Per alcuni l’Agenda 2015, che ha preceduto questa, non ha dato risultati eccellenti. Ma Giovannini non è d’accordo. “In realtà ha dato risultati straordinari, ma non in tutto il mondo. Ora il passaggio all’Agenda globale supera i limiti del Millennium goals. Resta però uno straordinario impianto non solo concettuale, ma anche di aiuti allo sviluppo, e sarà uno sforzo comune da perseguire. Credo che ora l’universalità superi alcuni dei limiti della vecchia Agenda. Ma soprattutto ora c’è il coinvolgimento delle persone e della società civile e delle imprese, cioè c’è la consapevolezza che non può essere qualcosa gestito solo dai governi, come era nel caso precedente.”

L’Alleanza avanza subito – come primo passo per un’azione concreta – delle richieste: al Governo una strategia di sviluppo sostenibile in linea con gli SDGs; al Parlamento un’indagine conoscitiva sulla preparazione agli SDGs, e l’approvazione della legge (c’è già una proposta in parlamento, primo firmatario l’on. Marcon) sull’obbligo di introdurre sempre la valutazione ex ante e ex post delle politiche e delle leggi alla luce del SDGs (come hanno fatto i francesi); ai media una campagna di informazione che duri nel tempo e metta pressione sui decisori; alle imprese, un impegno concreto in linea con quello indicato dalle loro associazioni internazionali.
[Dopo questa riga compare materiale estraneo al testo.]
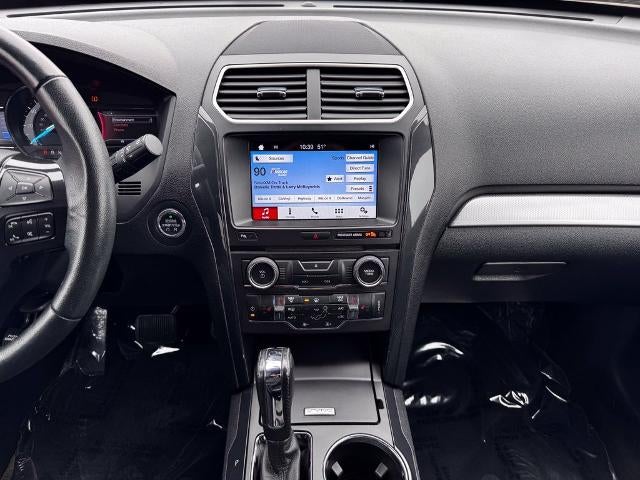 2017 Ford Explorer XLT w/Heated Steering Wheel + Tow Pkg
Alla società civile, e le associazioni della nostra rete C3dem sono sicuramente tra queste, il compito di maturare una riflessione collettiva, costante, intelligente e costruttiva, sul come procedere con azioni e pensieri in grado di trasformare gli obiettivi in risultati concreti per il futuro del Pianeta e di chi lo abita.